Elian Ariel Morales Traña (born 29 May 2000) is a Costa Rican footballer who plays as a left midfielder for Guadalupe

==Club career==
===LD Alajuelense===
Morales is a product of CCDR La Cruz and
AD Cuajiniquil. He joined LD Alajuelense at the age of 16 in 2017.

In September 2018, Morales and his teammate, Geancarlo Castro, went on a one-month internship with Argentine club Rosario Central. At the end of December 2018, Morales began training with the clubs first team.

18-year old Morales got his professional debut for the club on 28 February 2019 against C.S. Cartaginés, when he came on as a substitute for Freddy Álvarez in the 91st minute. He made three more appearances for the first team in the following months.

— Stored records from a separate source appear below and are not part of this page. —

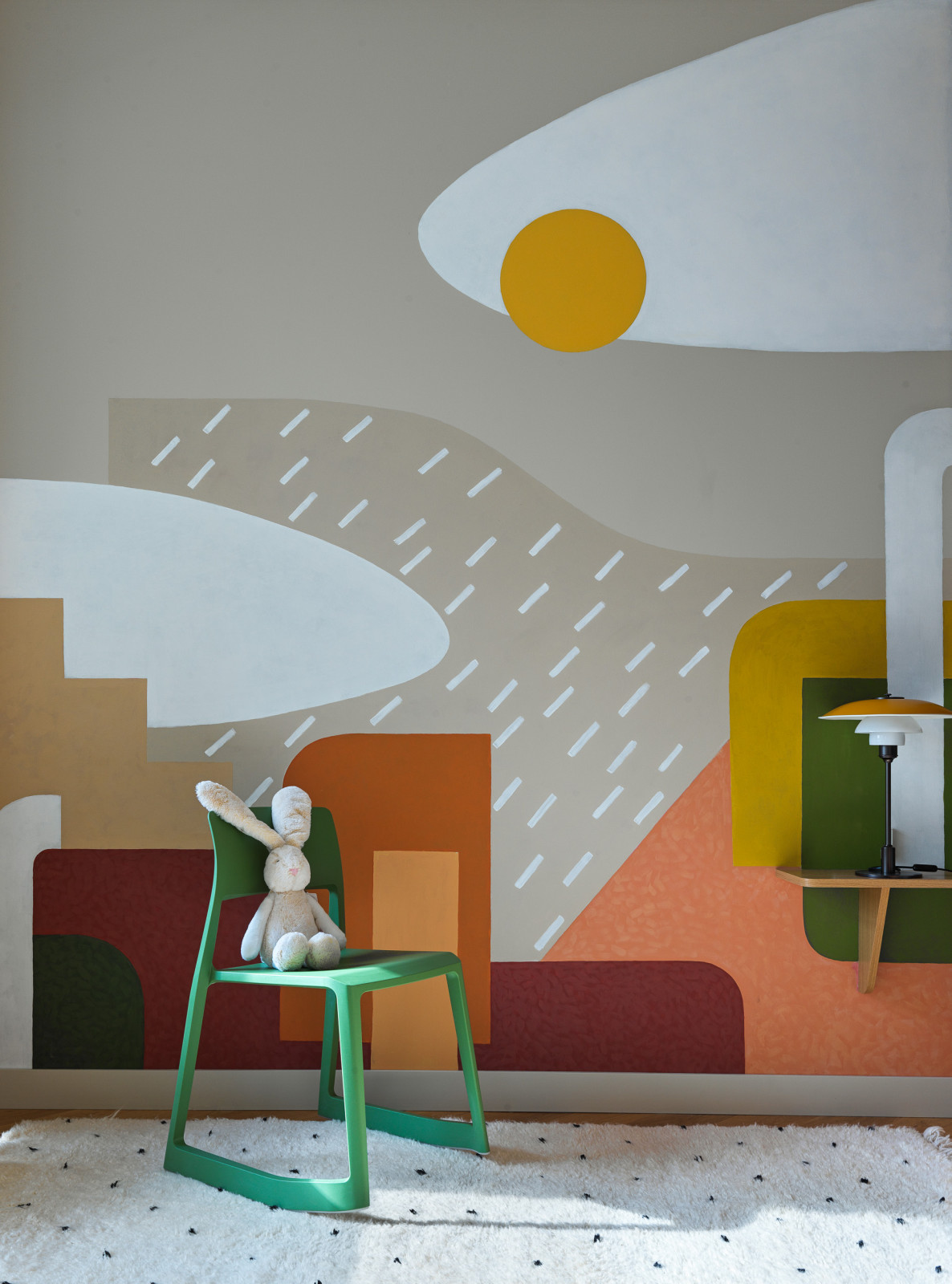 Фотоохота: Акцентные стены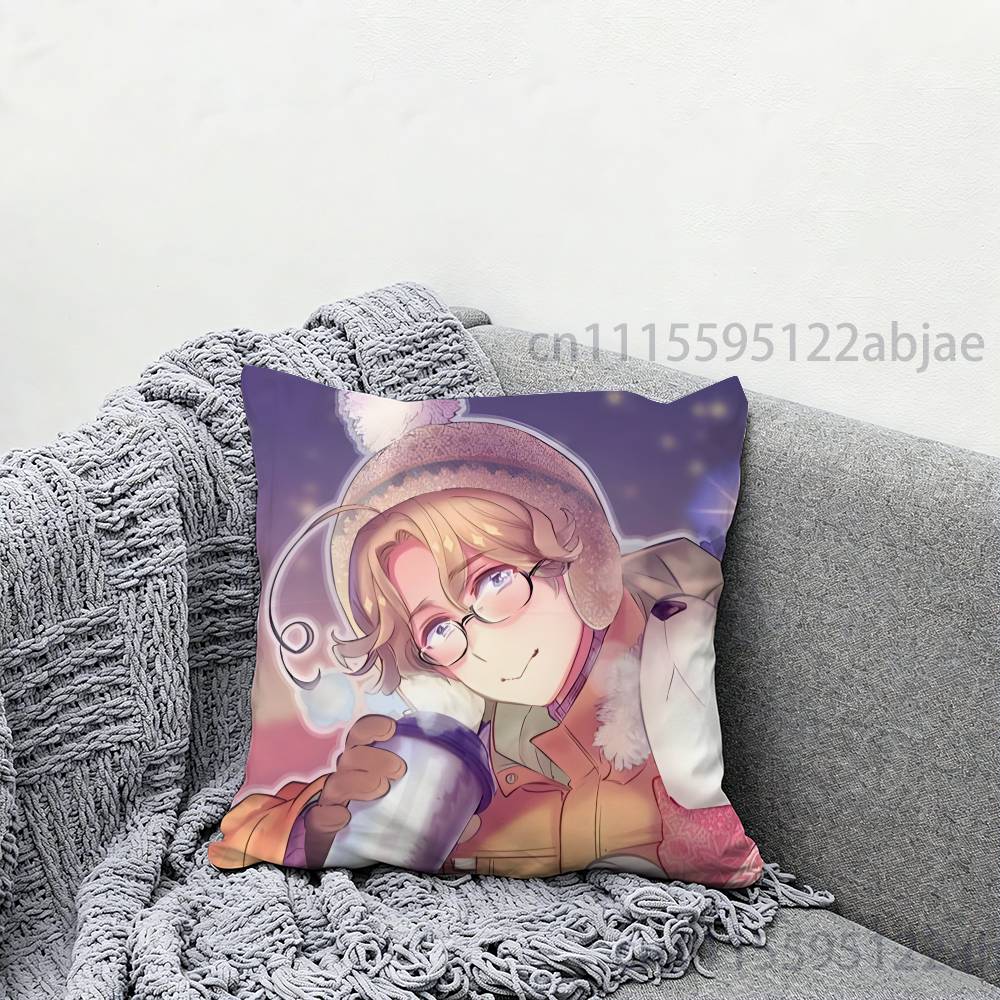 غطاء وسادة زخرفي من كندا-أ-هيت - مراجعة Home Textiles Canada وسعره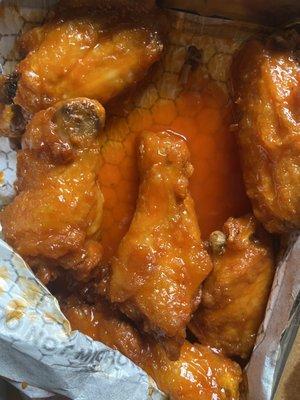 Hot Wings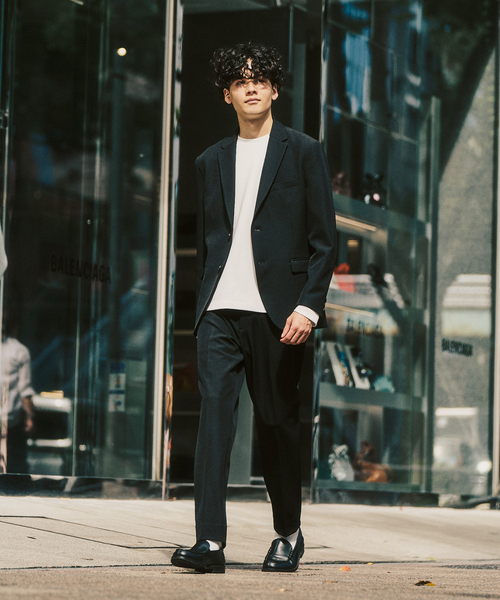 417 EDIFICE（フォーワンセブンエディフィス） tシャツ WEB限定 ”蓄熱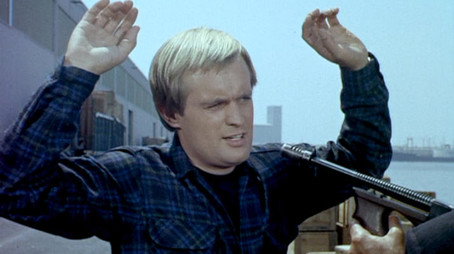 The Man from U.N.C.L.E. Сезон 3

In the following season, he made no official appearances and for that reason, he was one out of eight Alajuelense player, who was loaned out to Costa Rican second division club AD Rosario, or Rosario de Naranjo, in January 2020 for the rest of the season.

===Sporting FC===
In July 2020, Morales moved to fellow league club Sporting FC in San José, Costa Rica. Morales made 27 league appearances for the club and scored two goals.

===Later clubs===
One year later, on 11 July 2021, Morales signed with Guadalupe. After a year at Guadalupe, Morales departed and joined Costa Rican second division team San José on 26 July 2022. Ahead of the 2023/24 season, he returned to Guadalupe.